Warm and Live Migration Implementation for bhyve

From: Elena Mihailescu <elenamihailescu22_at_gmail.com>
Date: Fri, 23 Jun 2023 10:00:32 UTC
Hello,

This mail presents the migration feature we have implemented for
bhyve. Any feedback from the community is much appreciated.

We have opened a stack of reviews on Phabricator
(https://reviews.freebsd.org/D34717) that is meant to split the code
in smaller parts so it can be more easily reviewed. A brief history of
the implementation can be found at the bottom of this email.

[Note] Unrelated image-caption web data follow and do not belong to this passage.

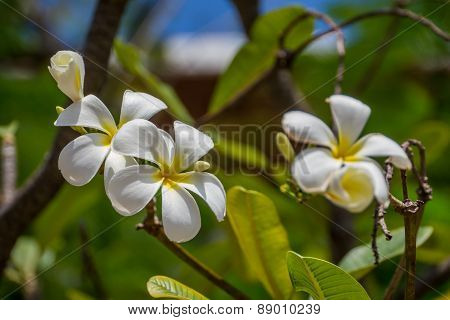 Plumeria or Templetree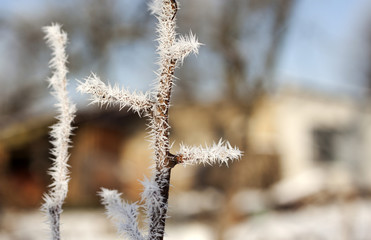 branch frozen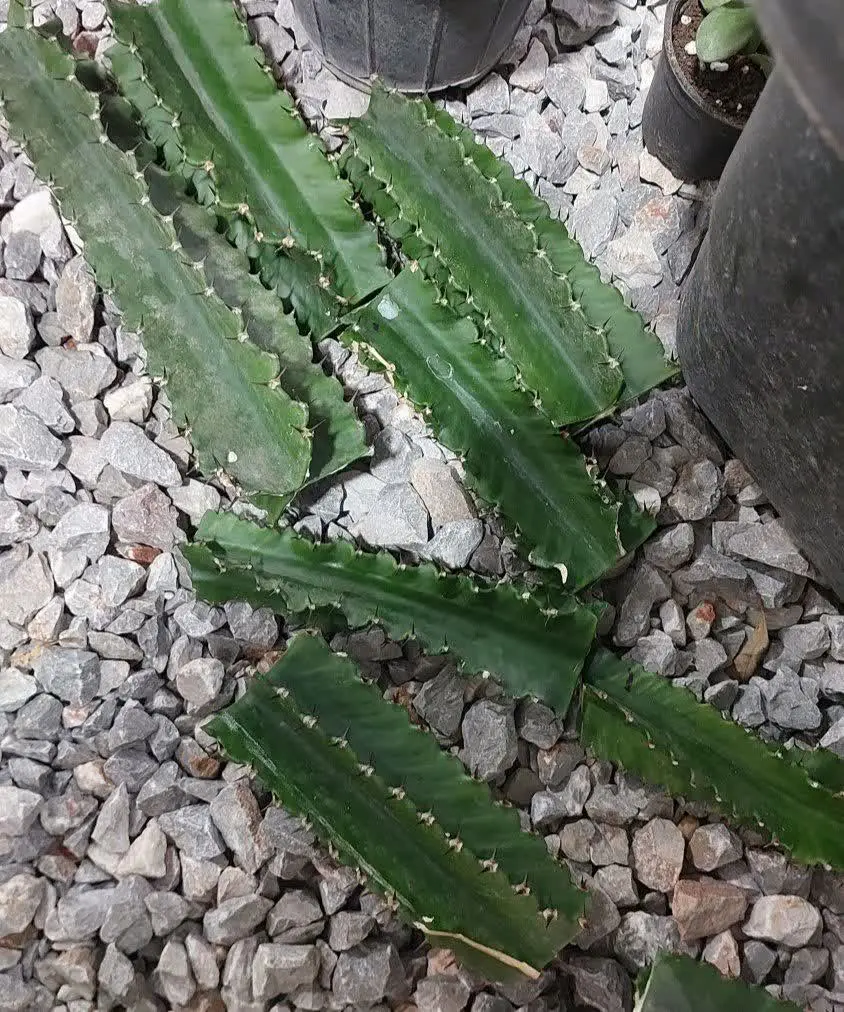 برای ثبت سفارش به آی دی زیر مراجعه کنید 🌺👇
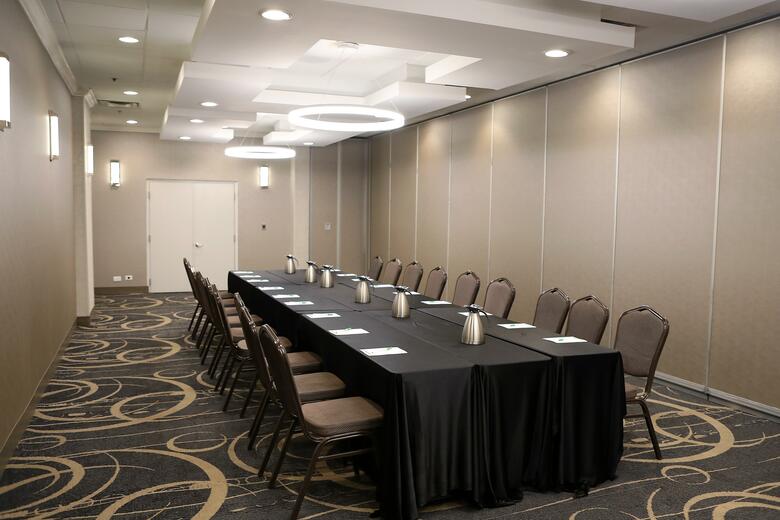 Hotel Holiday Inn Chicago O'hare Area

The migration mechanism we propose needs two main components in order
to move a virtual machine from one host to another:
1. the guest's state (vCPUs, emulated and virtualized devices)
2. the guest's memory

For the first part, we rely on the suspend/resume feature. We call the
same functions as the ones used by suspend/resume, but instead of
saving the data in files, we send it via the network.

The most time consuming aspect of migration is transmitting guest
memory. The UPB team has implemented two options to accomplish this:
1. Warm Migration: The guest execution is suspended on the source host
while the memory is sent to the destination host. This method is less
complex but may cause extended downtime.
2. Live Migration: The guest continues to execute on the source host
while the memory is transmitted to the destination host. This method
is more complex but offers reduced downtime.

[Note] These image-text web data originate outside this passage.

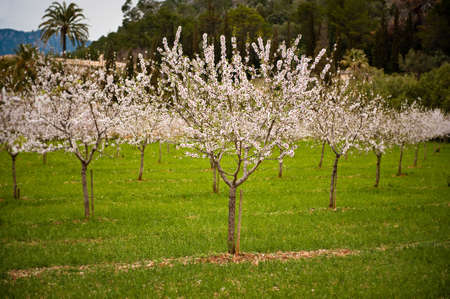 Blossoming young almond trees on green grass in front of a wooded hillside. A palm tree can be seen in the background.の写真素材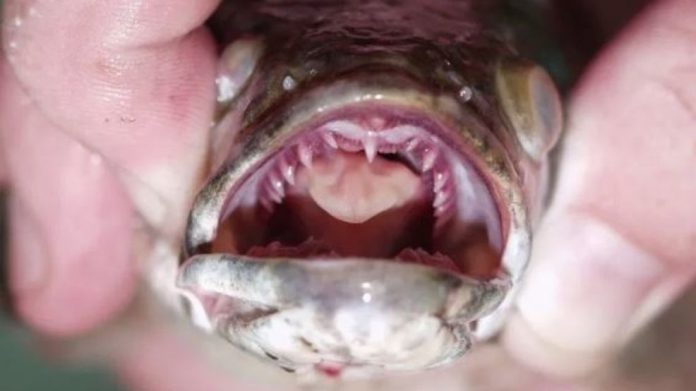 Snakehead Fish Found in Georgia: 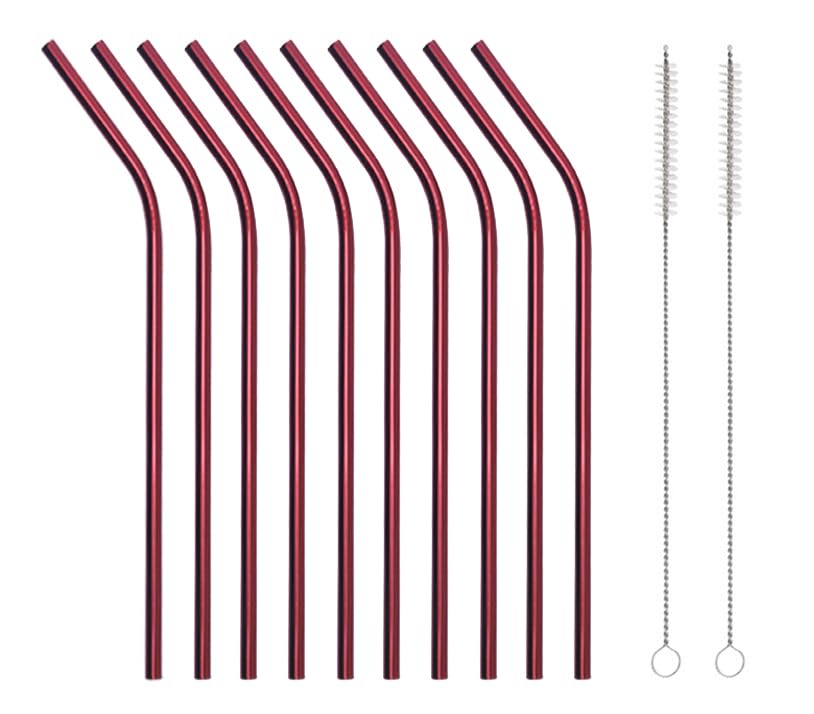 10 Pcs Stainless Steel Straws (10 Count)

The proposed live migration procedure (pre-copy live migration)
migrates the memory in rounds:
1. In the initial round, we migrate all the guest memory (all pages
that are allocated)
2. In the subsequent rounds, we migrate only the pages that were
modified since the previous round started
3. In the final round, we suspend the guest, migrate the remaining
pages that were modified from the previous round and the guest's
internal state (vCPU, emulated and virtualized devices).

To detect the pages that were modified between rounds, we propose an
additional dirty bit (virtualization dirty bit) for each memory page.
This bit would be set every time the page's dirty bit is set. However,
this virtualization dirty bit is reset only when the page is migrated.

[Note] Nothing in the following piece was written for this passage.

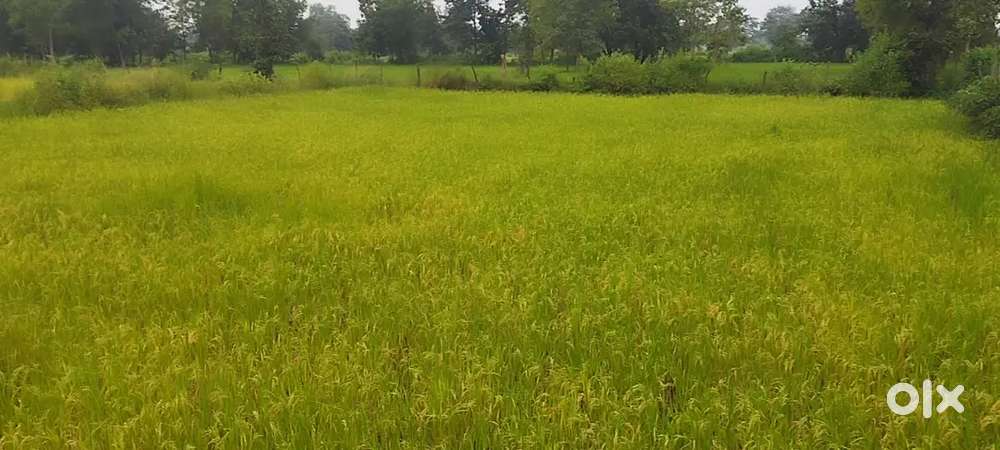 35 dismil jamin bechna hai road se lga hua hai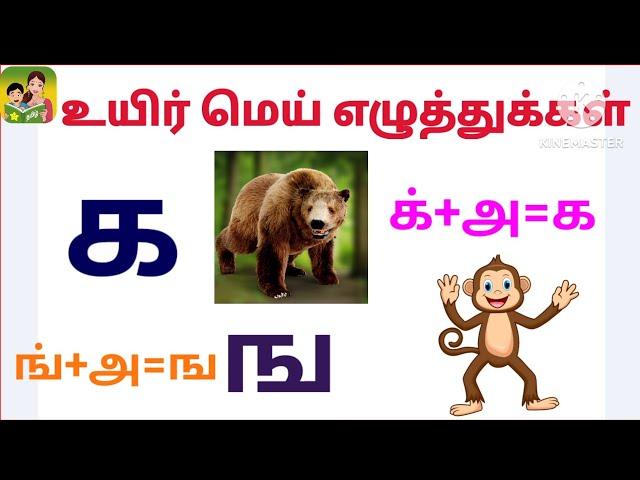 உயிர் மெய் எழுத்துக்கள் -கஙச | to learn Tamil Alphabets for kids|அ ஓசை வாய்பாடு | க்+அ=க் to ன்+அ=ன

The proposed implementation is split in two parts:
1. The first one, the warm migration, is just a wrapper on the
suspend/resume feature which, instead of saving the suspended state on
disk, sends it via the network to the destination
2. The second part, the live migration, uses the layer previously
presented, but sends the guest's memory in rounds, as described above.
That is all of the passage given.